■ Task directions
Your answer must be the exact lines below, starting with the line with "BLUSA MANGA CURTA ABERTURA COSTAS" and going on through the line with "BIRKENSTOCK ARIZONA BIG", both included, with no pictures.

=== Begin Enclosure ===

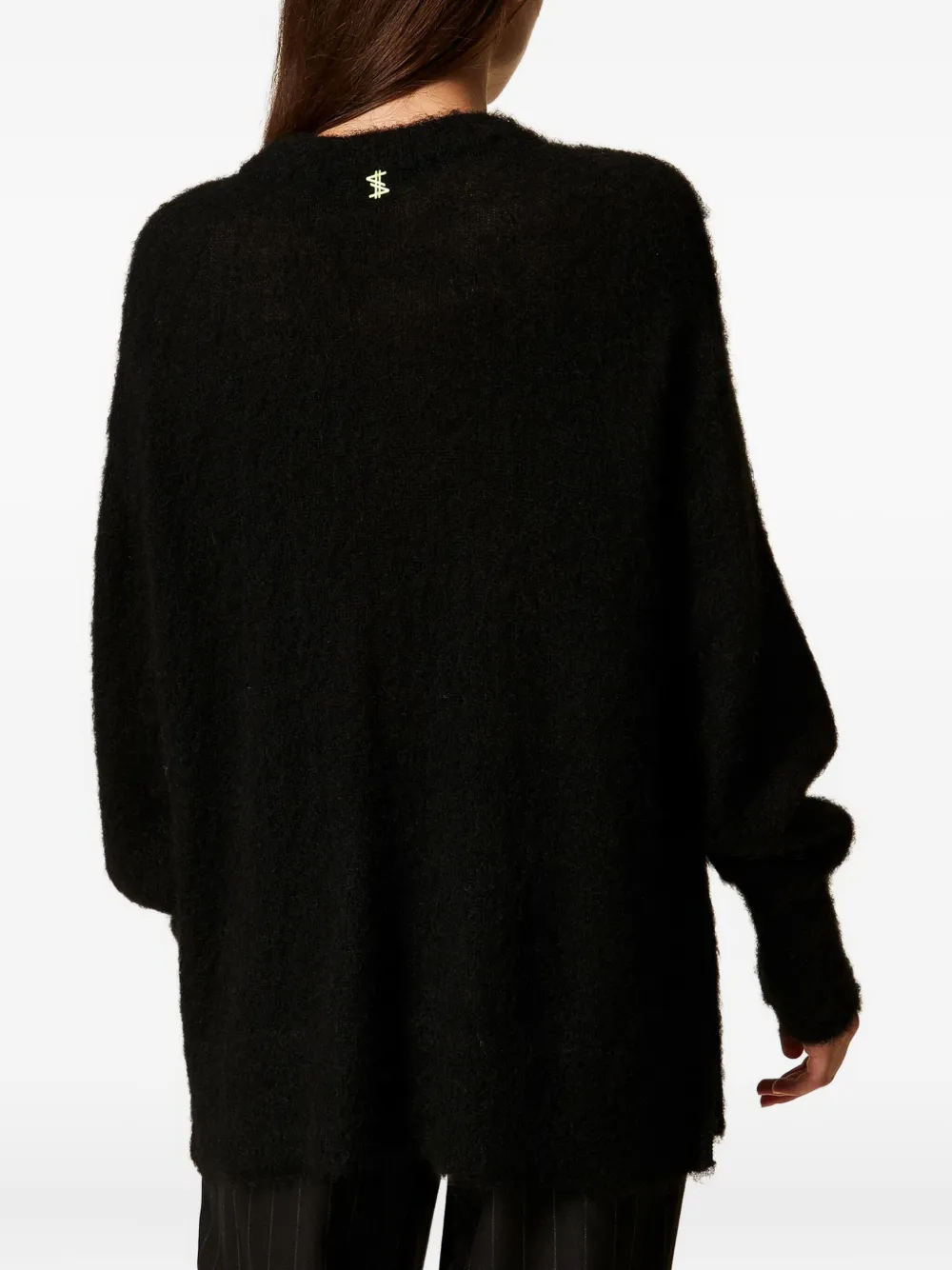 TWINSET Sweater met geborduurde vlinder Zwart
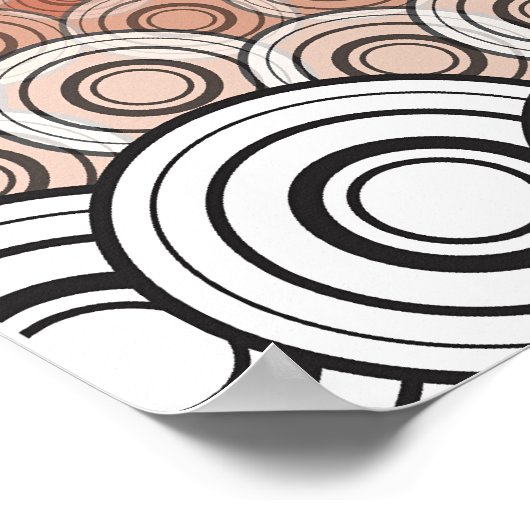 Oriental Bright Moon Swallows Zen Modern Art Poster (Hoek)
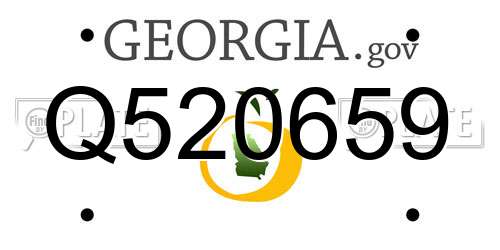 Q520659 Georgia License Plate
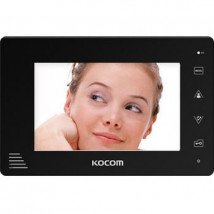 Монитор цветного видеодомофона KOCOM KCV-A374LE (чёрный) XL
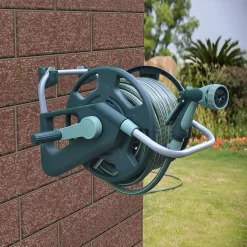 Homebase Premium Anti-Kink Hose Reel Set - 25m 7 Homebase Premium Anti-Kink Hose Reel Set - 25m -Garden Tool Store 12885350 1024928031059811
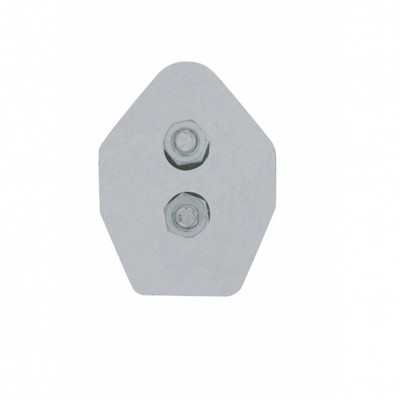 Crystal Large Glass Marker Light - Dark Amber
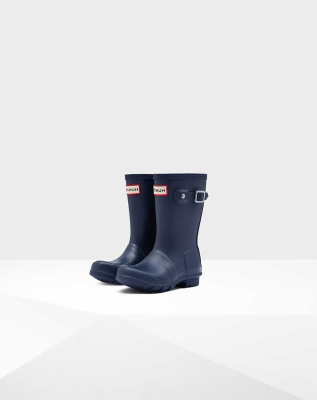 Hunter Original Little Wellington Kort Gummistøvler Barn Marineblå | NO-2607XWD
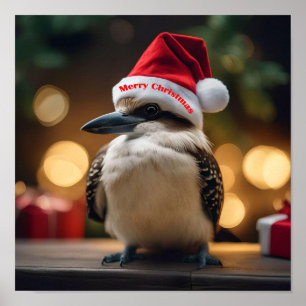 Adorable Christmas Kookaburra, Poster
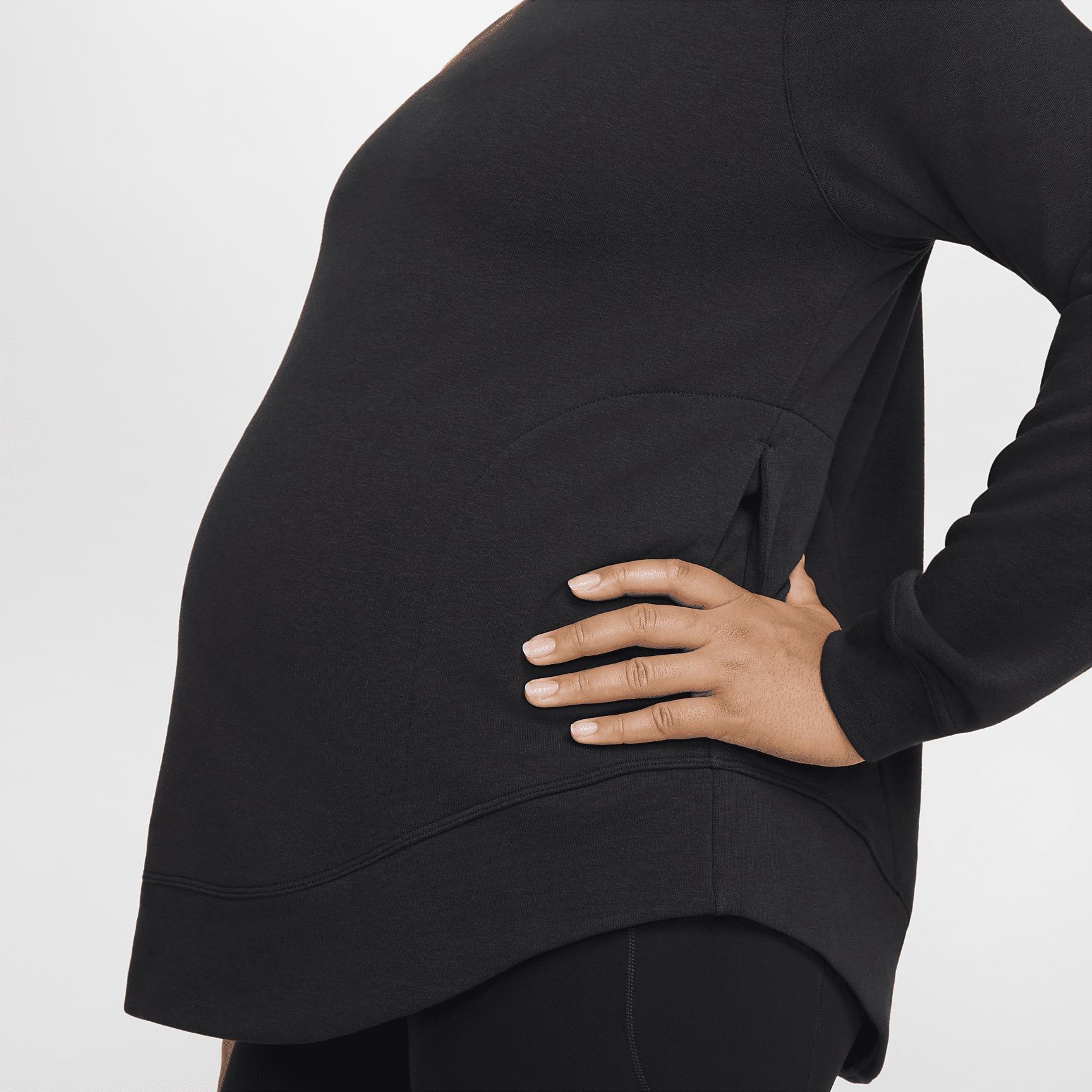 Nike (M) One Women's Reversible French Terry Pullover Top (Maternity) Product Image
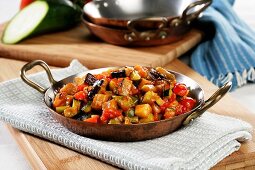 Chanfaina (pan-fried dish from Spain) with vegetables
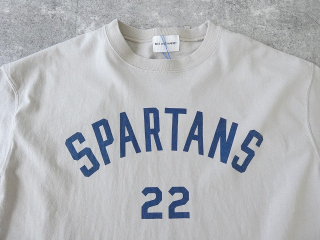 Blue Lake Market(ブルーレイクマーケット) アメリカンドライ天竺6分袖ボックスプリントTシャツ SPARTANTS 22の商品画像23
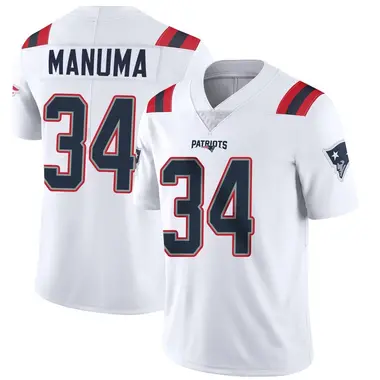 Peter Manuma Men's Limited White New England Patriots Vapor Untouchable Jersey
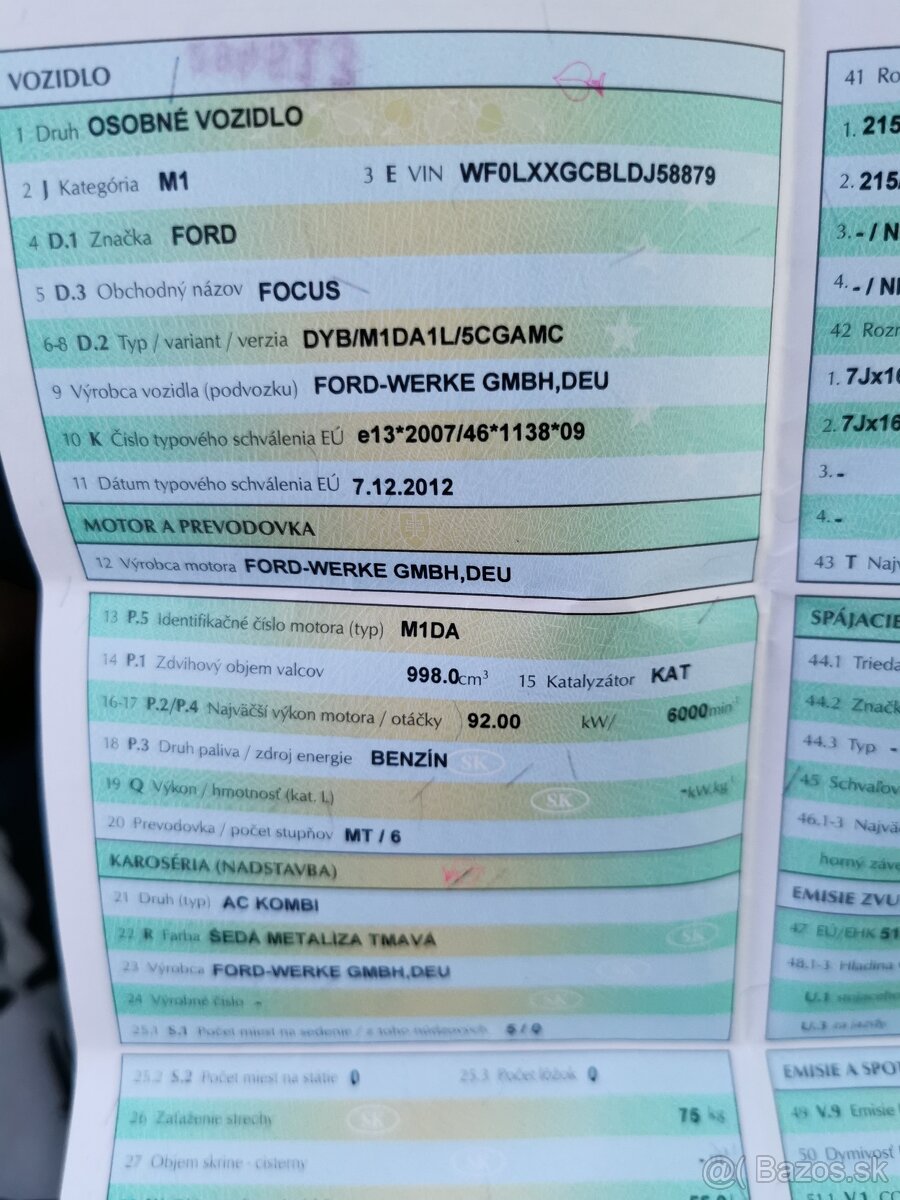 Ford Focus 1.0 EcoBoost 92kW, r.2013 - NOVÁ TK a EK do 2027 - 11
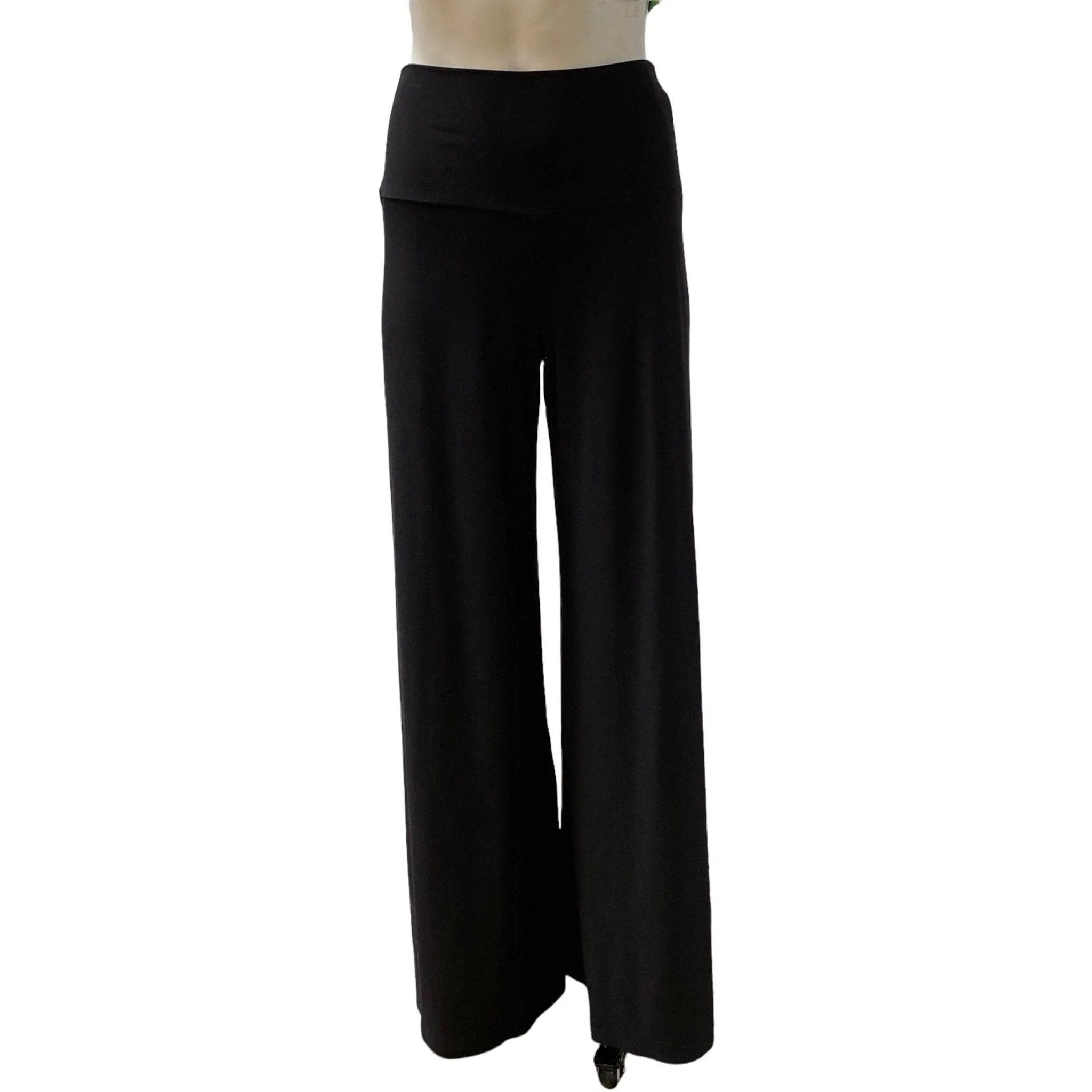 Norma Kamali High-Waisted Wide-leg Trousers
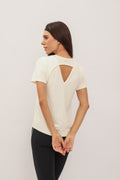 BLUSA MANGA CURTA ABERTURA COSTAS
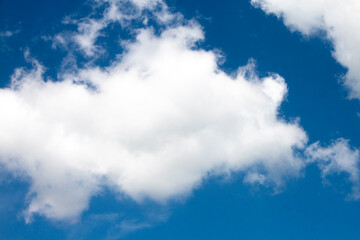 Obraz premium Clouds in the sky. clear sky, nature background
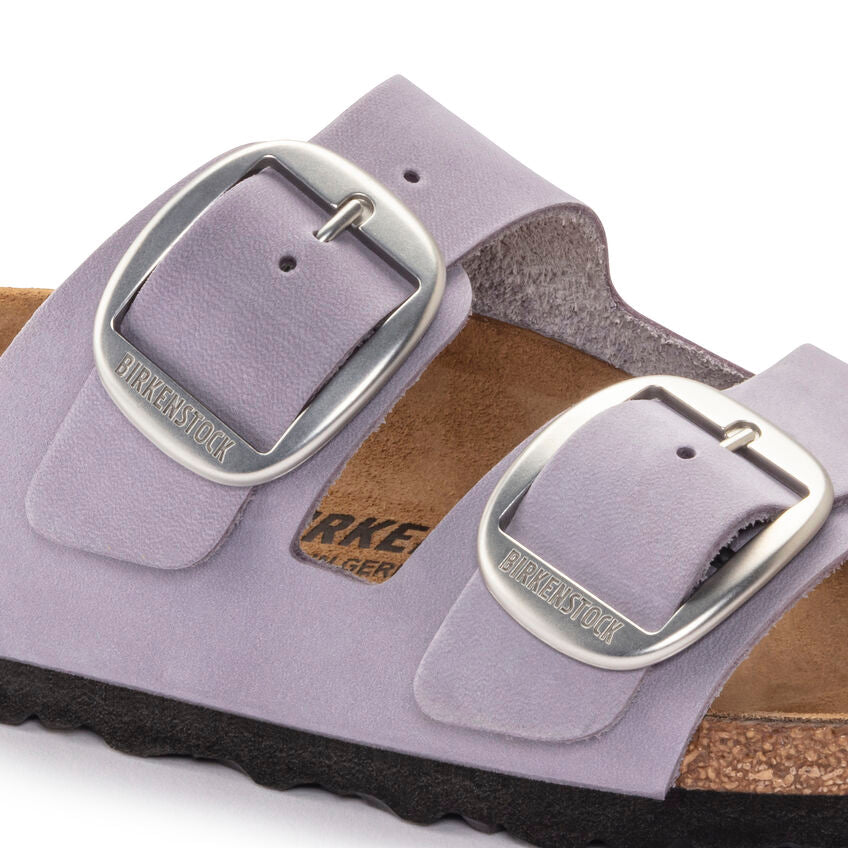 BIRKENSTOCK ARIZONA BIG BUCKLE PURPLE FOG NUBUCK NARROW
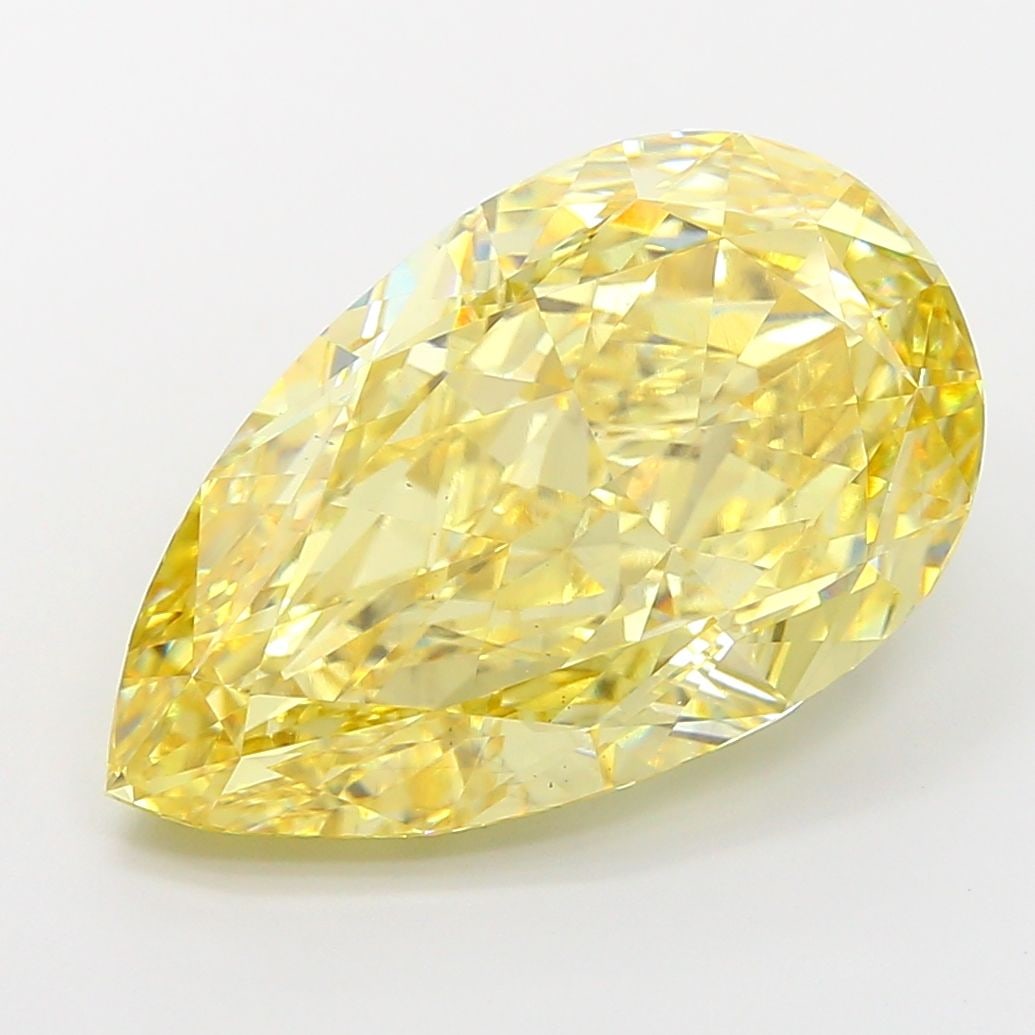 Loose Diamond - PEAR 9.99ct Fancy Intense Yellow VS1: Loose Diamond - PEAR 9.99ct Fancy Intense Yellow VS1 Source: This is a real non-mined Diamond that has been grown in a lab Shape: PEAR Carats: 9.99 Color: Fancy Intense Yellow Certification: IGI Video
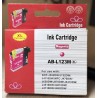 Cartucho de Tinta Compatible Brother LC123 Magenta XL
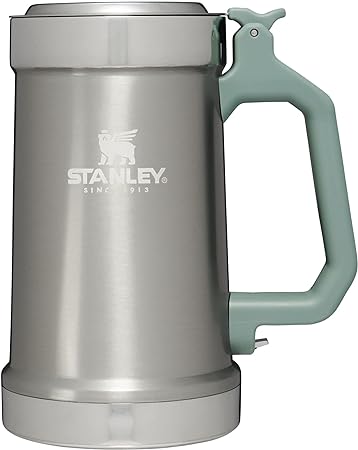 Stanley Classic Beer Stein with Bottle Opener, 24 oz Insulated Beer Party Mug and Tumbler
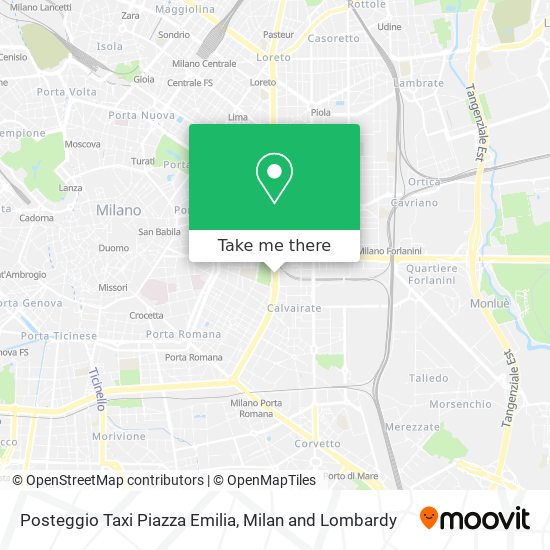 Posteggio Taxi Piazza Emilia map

=== End Enclosure ===

■ Exercise response
 BLUSA MANGA CURTA ABERTURA COSTAS
 Obraz premium Clouds in the sky. clear sky, nature background
 BIRKENSTOCK ARIZONA BIG BUCKLE PURPLE FOG NUBUCK NARROW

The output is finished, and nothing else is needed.